Accurately predicting demographic information for a user can be quite beneficial for the application user who is an advertiser. By targeting to the right demographic group, an advertiser is more likely to find social network users that are interested in their products and willing to click on their advertisements. Moreover, users are more likely to accept advertisements delivered through their blogs that match their interests. By way of example, an 18 year-old male blogger typically will be much happier to see an xBox advertisement on his blog page rather than an advertisement for dentures.


In addition, knowing the age and gender of social network users allows an advertiser to message appropriately to different demographic groups. For example, in some case, women tend to use different terminology as compared to men, and respond better to advertisements having a more female oriented message. Location targeting can help businesses that rely on local traffic to reach locally relevant social network users.


In one embodiment, the demographic prediction module is used to evaluate the demographic distributions of users who are interested in a certain topic or keyword. The results can serve as a powerful demographic targeting suggestion tool for advertisers to optimize their advertisement campaigns. By way of example, an advertiser may be interested in bidding for the keyword “women shoes”. If the demographic prediction module shows a 4/1 ratio for female versus male users interested in the topic within the social network, then the advertiser can choose to target female users only. Demographic distributions calculated using other data sources, such as search terms, can be used for the same purpose as well.
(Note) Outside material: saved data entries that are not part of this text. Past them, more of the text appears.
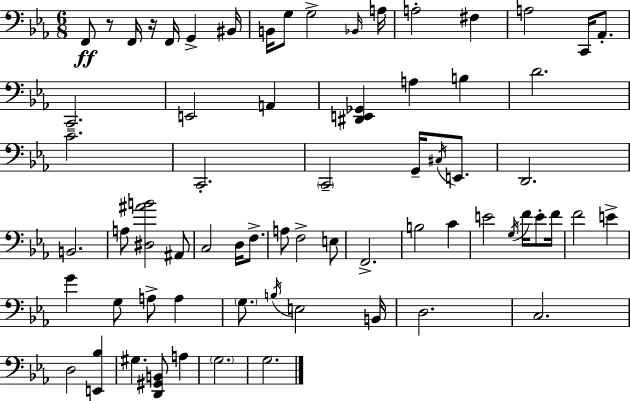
X:1
T:Untitled
M:6/8
L:1/4
K:Eb
F,,/2 z/2 F,,/4 z/4 F,,/4 G,, ^B,,/4 B,,/4 G,/2 G,2 _B,,/4 A,/4 A,2 ^F, A,2 C,,/4 _A,,/2 C,,2 E,,2 A,, [^D,,E,,_G,,] A, B, D2 C2 C,,2 C,,2 G,,/4 ^C,/4 E,,/2 D,,2 B,,2 A,/2 [^D,^AB]2 ^A,,/2 C,2 D,/4 F,/2 A,/2 F,2 E,/2 F,,2 B,2 C E2 G,/4 F/4 E/2 F/4 F2 E G G,/2 A,/2 A, G,/2 B,/4 E,2 B,,/4 D,2 C,2 D,2 [E,,_B,] ^G, [D,,^G,,B,,]/2 A, G,2 G,2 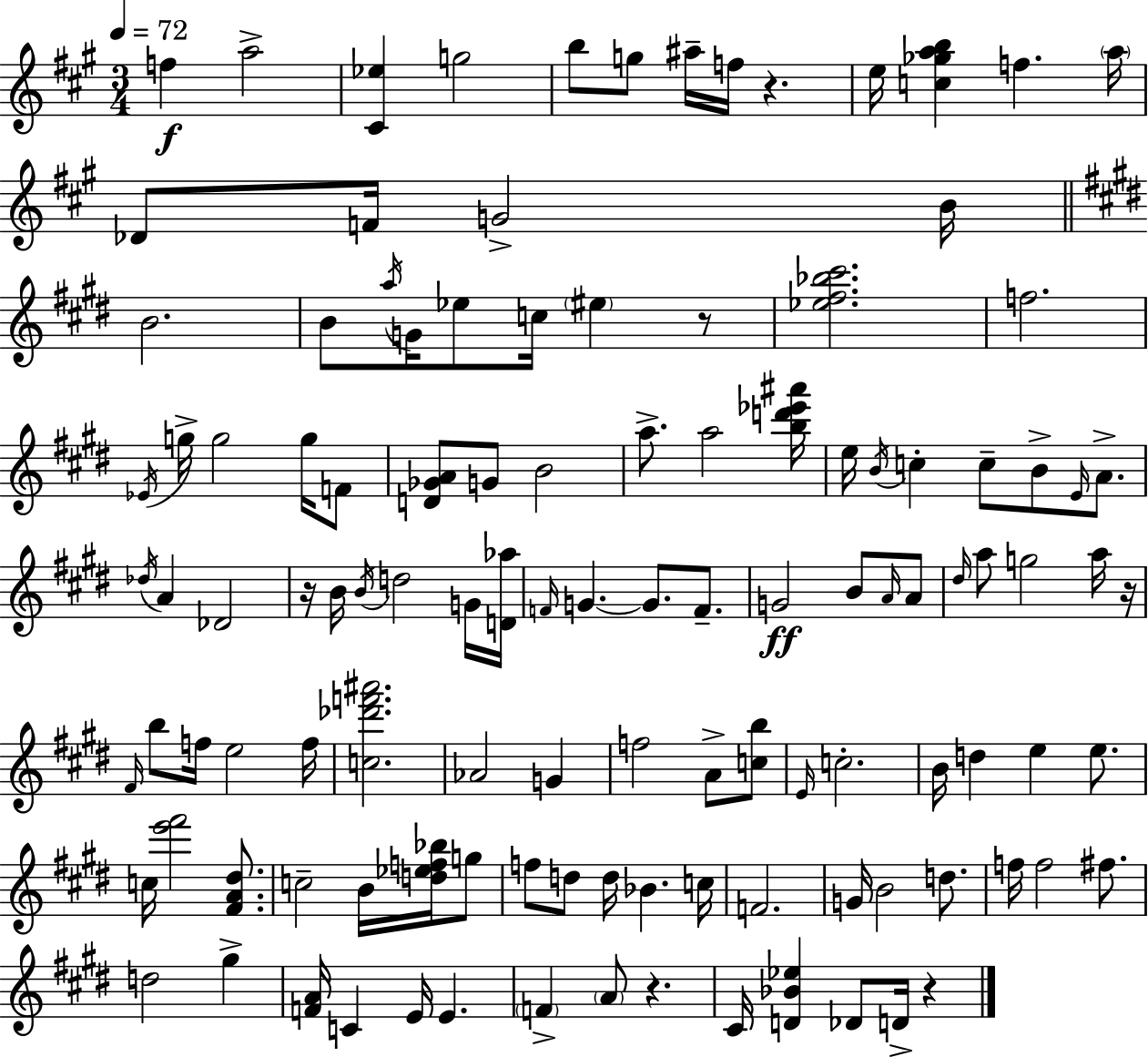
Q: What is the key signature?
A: A major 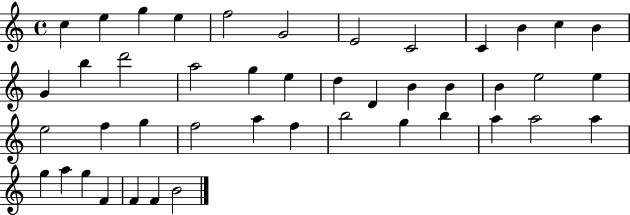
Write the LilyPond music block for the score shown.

{
  \clef treble
  \time 4/4
  \defaultTimeSignature
  \key c \major
  c''4 e''4 g''4 e''4 | f''2 g'2 | e'2 c'2 | c'4 b'4 c''4 b'4 | \break g'4 b''4 d'''2 | a''2 g''4 e''4 | d''4 d'4 b'4 b'4 | b'4 e''2 e''4 | \break e''2 f''4 g''4 | f''2 a''4 f''4 | b''2 g''4 b''4 | a''4 a''2 a''4 | \break g''4 a''4 g''4 f'4 | f'4 f'4 b'2 | \bar "|."
} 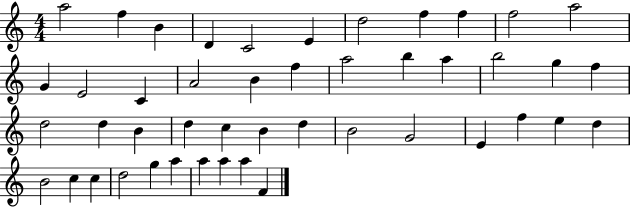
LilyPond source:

{
  \clef treble
  \numericTimeSignature
  \time 4/4
  \key c \major
  a''2 f''4 b'4 | d'4 c'2 e'4 | d''2 f''4 f''4 | f''2 a''2 | \break g'4 e'2 c'4 | a'2 b'4 f''4 | a''2 b''4 a''4 | b''2 g''4 f''4 | \break d''2 d''4 b'4 | d''4 c''4 b'4 d''4 | b'2 g'2 | e'4 f''4 e''4 d''4 | \break b'2 c''4 c''4 | d''2 g''4 a''4 | a''4 a''4 a''4 f'4 | \bar "|."
}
FIG. 7 illustrates a fifth embodiment of a user interface for the demographic prediction module. As shown in FIG. 7, a demographic prediction user interface 700 includes the first input box 510 and the second input box 520. The first input box 510 contains the name of the user on whom demographic prediction will be performed. The second input box 520 indicates how the results will be displayed. As shown in FIG. 7, a social network 710 for the user “csfwright” is shown in tree form. Moreover, a summary table 720 is displayed on the demographic prediction user interface 700. In this embodiment, the summary table 720 illustrates the user's age, location, and gender in a “User Reported” column (or as reported by the user) and in a “Predicted” column (as predicted by the demographic prediction module. As shown in FIG. 7, the demographic prediction module has predicted user “csfwright” to be male, 25 years of age, and living in the city of Beijing, China.


Age Prediction

The demographic prediction module predicts the age of a social network user by assuming that the user is approximately the same age as his or her friends within the social network. Typically, a greater percentage of social network users are younger adults. These younger users are more likely to have friends in the same age group as compared to older users.


In order to predict a user's age, the demographic prediction module determines all friends of a user based on that user's social network structure. In one embodiment, if a user has at least three direct neighbors with known ages, then they demographic prediction module predicts the user's age to be the median of all the neighbors' ages. In this embodiment, the median is selected as the prediction because not only is it simple to understand and easy to calculate, but also because it gives a measure that is more robust in the presence of outlier values than the mean. By way of example, consider a 21 year-old female having seven friends ages 19, 20, 21, 21, 21, 22, 22, 23 and 55. Assume that the first eight are high school and college friends, while the last friend is her uncle. In this case, the prediction of the demographic prediction module is age 21, while taking the mean yields a predicted age of 25.


Location Prediction

Similar to age prediction, the demographic prediction module predicts a user's I location by assuming that a user's friends generally reside in the same local area as the user. Thus, in one embodiment, a user's location is predicted by voting between the locations recorded in his/her neighbors' profiles. The location is predicted as the major location of a user's neighbors.


Gender Prediction

The demographic prediction module uses a social network blog categorization technique to predict a user's gender. This categorization technique allows each blog to be categorized into one or more predefined categories. In addition, in one embodiment, there are assigned probabilities of “male” and “female” for each category. In this embodiment, the demographic prediction module sums the probabilities of each category for male and female and obtains a probability of a user's gender. In other embodiments, instead of using categories other identifiers can be used, such as keywords extracted from blogs, the most frequent terms used by the user, and the user's age and their neighbors' gender information.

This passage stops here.